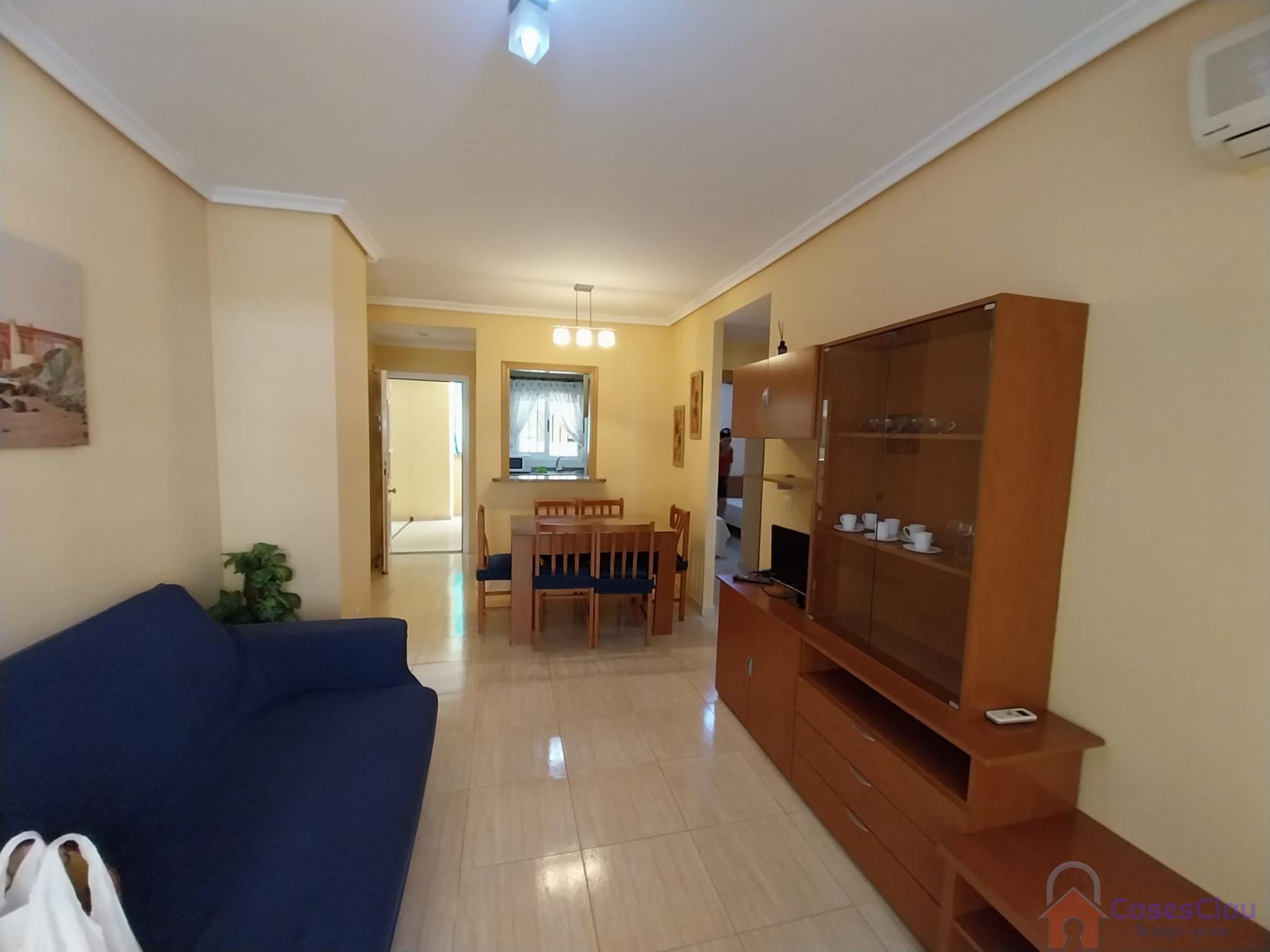 For rent of apartment in Oropesa del Mar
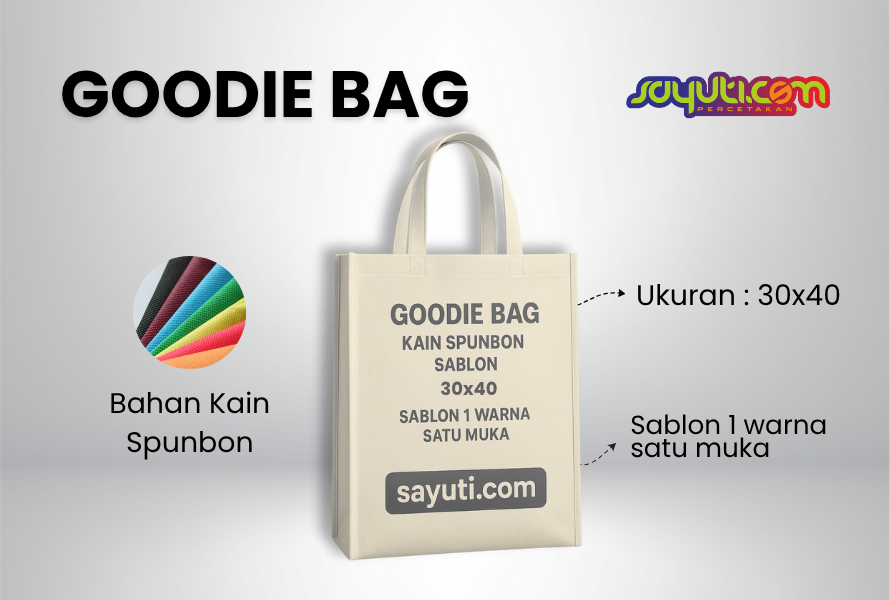 Kain Spunbon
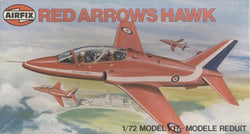 Airfix 1/72 Red Arrows Hawk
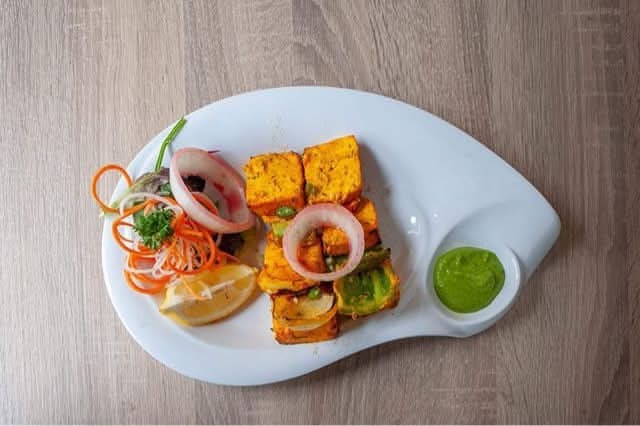 Paneer Tikka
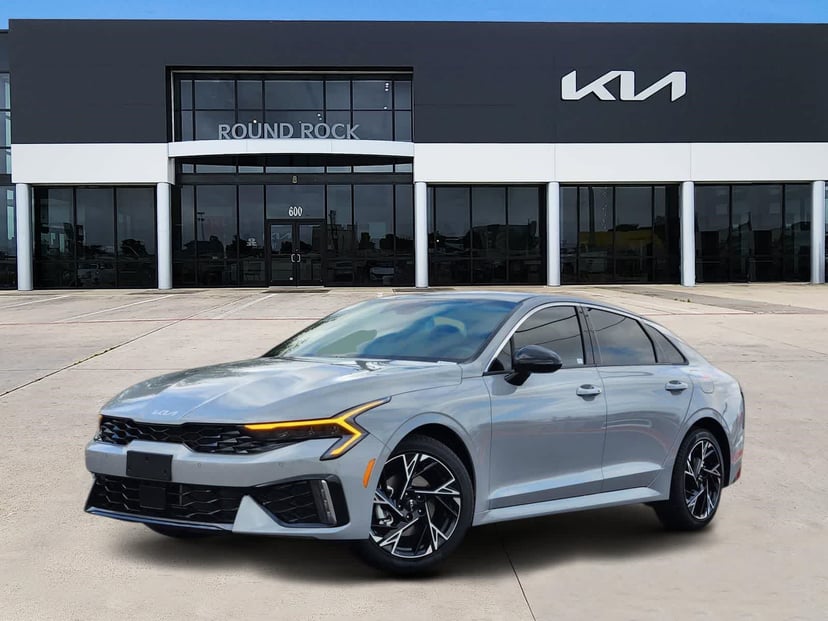 2026 Kia K5 - Image 1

--------------------------------------------------

WHAT YOU HAVE TO DO
Word for word, restate all of the material, omitting the images.

WRITTEN ANSWER
 For rent of apartment in Oropesa del Mar
 Kain Spunbon
 Airfix 1/72 Red Arrows Hawk
 Paneer Tikka
 2026 Kia K5 - Image 1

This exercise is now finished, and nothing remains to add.